WASHINGTON – About 4,500 soldiers with the 1st Cavalry Division’s 1st Armored Brigade Combat Team will deploy early next year to South Korea to serve along the country’s tense border with North Korea, the Army announced Monday.
The Fort Hood, Texas unit will replace its sister brigade, 1st Cavalry’s 2nd Armored Brigade Combat Team, which in June became the first U.S. combat brigade to begin a temporary deployment to South Korea, supplanting a brigade that had been stationed in the country since 1965.
That unit, the 1st Brigade Combat Team, 2nd Infantry Division, was dissolved shortly after 2nd Brigade’s arrival, one of 13 Army combat brigades shuttered in recent years in the face of mandated budget cuts at the end of prolonged wars in Iraq and Afghanistan. Soldiers from the dissolved brigade were assigned to other units.
In February, the Army announced it would replace its permanent brigade in South Korea with rotational units serving 9-month deployments.

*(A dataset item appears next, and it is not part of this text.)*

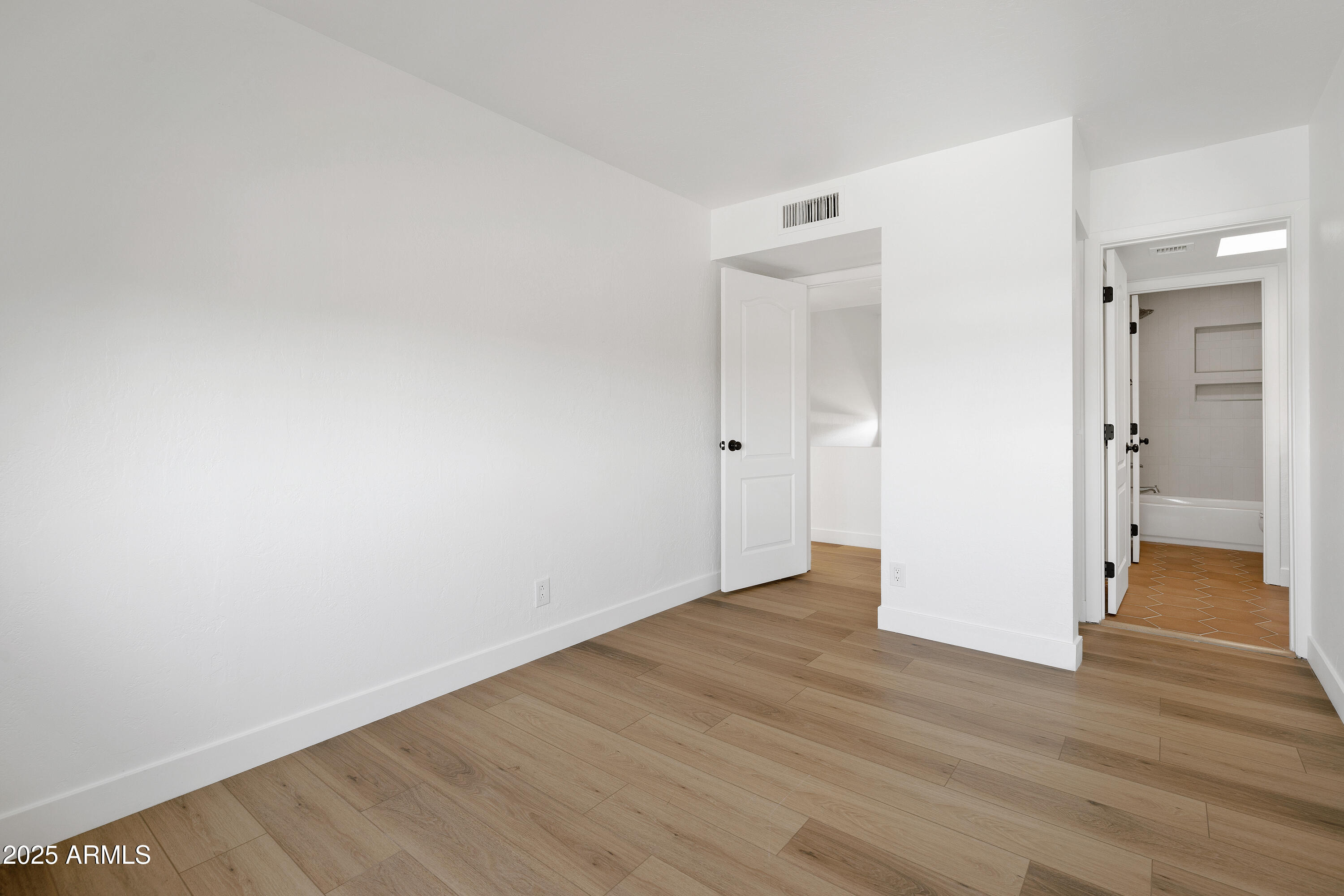 2014 North 51st Way Phoenix, AZ 85008 - Photo 14 of 30 2014 N 51st Way, Phoenix, AZ 85008, USA_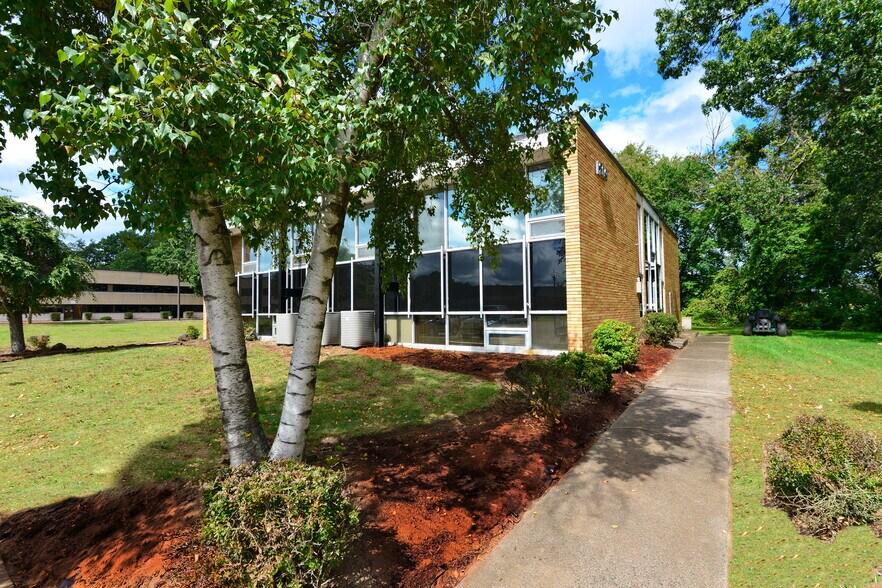 More Photos Of 1209 John Fitch Blvd, South Windsor Medical For Lease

Military officials have touted the rotational deployments of units stationed along the 150-mile Demilitarized Zone as a way to maintain cohesion in a region where constant turnover had been standard. Typically, troops had been stationed in South Korea on one- or two-year assignments, but under the rotational deployments, entire units train for and deploy to the peninsula together.
For the 1st Brigade, 1st Cavalry Division, nicknamed the Ironhorse Brigade, the preparations included an October rotation to the Army’s National Training Center at Fort Irwin, Calif., according to the Army. That training prepared the unit for its upcoming Korea rotation, where it will be tasked with maintaining peace and security on the peninsula, said Maj. Gen. Michael Bills, 1st CD’s commander.
“The 1st Cavalry Division reflects mutual commitment between the Republic of Korea and the United States by providing continued support with a rotational force brigade to replace (2nd) brigade,” Bills said in a prepared statement.
The United States maintains a force of about 28,500 troops in South Korea and has retained responsibility for leading the defense of the nation since 1953 following the cease-fire that ended fighting, though not hostilities, in the Korean War.